People always ask me if I collect WWII memorabilia/paraphernalia.  The answer is no, the only things I do own from that time are books and some magazines and they were originally purchased for a reason other than this blog.  I really only needed them for reading purposes, not as collector's items.  So, for example, I paid a mere $3.00 for this copy of Nurse Merton, Desert Captive because I needed it and didn't care that it was an old library copy that had not cover and was missing some front pages.

Nurse Merton, Desert Captive
I also have a bunch of magazines for kids from that time and among them are some original issues of a magazine called Calling All Girls.

In July1941, the Parent's Magazine Institute began Calling All Girls for younger teenage girls.  Published on a monthly basis, each issue consisted of comics, fashion (but more along the lines of either sew it yourself or make do and update what you already own kind, not the buy-new-stuff kind of fashion,) stories and other articles that would be of interest to girls.

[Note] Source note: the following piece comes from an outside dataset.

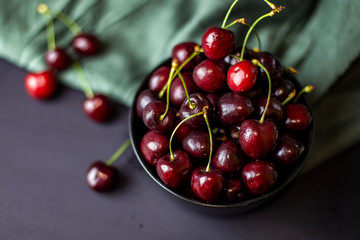 cherries in black containers on the table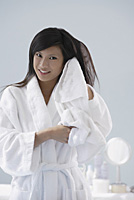 woman wearing bathrobe, towel drying hair, smiling at camera - Asia Images Group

The United States didn't enter the war until December 1941 and it took Calling All Girls until sometime in 1942 to catch up with current events, but when it did, its pages were filled with war related articles, stories and comics.  Unlike those found in comic books or comic strips in the newspapers, the comics in Calling All Girls were always about girls or women and were designed to be informative.   I thought this one from July 1942 about infantile paralysis or polio was particularly good example of the type of comics found in this magazine.  It was both timely and interesting, since here had been polio epidemics in the 1930s and the 1940s, the March of Dimes had also been founded in 1935 and our wartime President Roosevelt was himself a victim of polio.
(Press images to make them larger)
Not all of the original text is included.